By folding a paper-based Li-ion battery in a Miura-ori pattern (similar to how some maps are folded), scientists have shown that the battery exhibits a 14x increase in areal energy density and capacity due to its smaller footprint. Paper-based batteries are already attractive due to their low cost, roll-to-roll fabrication methods, and flexibility. The advantages of folding them into smaller sizes adds to these features and could lead to high-performance batteries for various applications.
The researchers, Qian Cheng, et al., from Arizona State University, have published a paper on folding paper-based Li-ion batteries in a recent issue of Nano Letters.

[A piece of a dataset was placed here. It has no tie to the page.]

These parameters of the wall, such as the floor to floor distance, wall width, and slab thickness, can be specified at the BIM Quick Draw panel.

"Foldable batteries may be useful for powering devices that have limited space on board," coauthor Candace Chan, Assistant Professor of Materials Science and Engineering at Arizona State University, told Phys.org. "Furthermore, with the development of foldable paper-based electronics demonstrated by other research groups recently, a battery that also can be folded may become important for integration of the power source and other components into a single, entirely foldable device."

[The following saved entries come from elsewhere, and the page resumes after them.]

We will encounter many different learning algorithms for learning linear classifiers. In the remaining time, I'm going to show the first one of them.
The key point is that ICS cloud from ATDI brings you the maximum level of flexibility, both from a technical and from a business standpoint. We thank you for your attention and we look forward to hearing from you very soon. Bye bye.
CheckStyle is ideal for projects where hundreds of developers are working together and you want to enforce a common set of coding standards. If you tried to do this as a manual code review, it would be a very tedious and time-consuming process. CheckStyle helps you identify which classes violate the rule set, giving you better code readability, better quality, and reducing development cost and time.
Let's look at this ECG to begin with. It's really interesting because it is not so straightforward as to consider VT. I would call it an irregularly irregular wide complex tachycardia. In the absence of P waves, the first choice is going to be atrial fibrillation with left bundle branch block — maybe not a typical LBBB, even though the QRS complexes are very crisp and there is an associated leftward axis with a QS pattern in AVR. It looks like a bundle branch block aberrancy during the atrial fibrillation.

In the current study, the scientists used Li-ion batteries made of carbon nanotube (CNT) ink as the current collectors; conventional lithium-based powders as the electrodes; and thin, porous KimwipesTM as the paper substrates. The researchers also added a polyvinylidene difluoride (PVDF) coating to improve adhesion of the CNT ink to the paper substrates. The final batteries showed good conductivity and—after an irreversible capacity loss after the first cycle—a relatively stable capacity.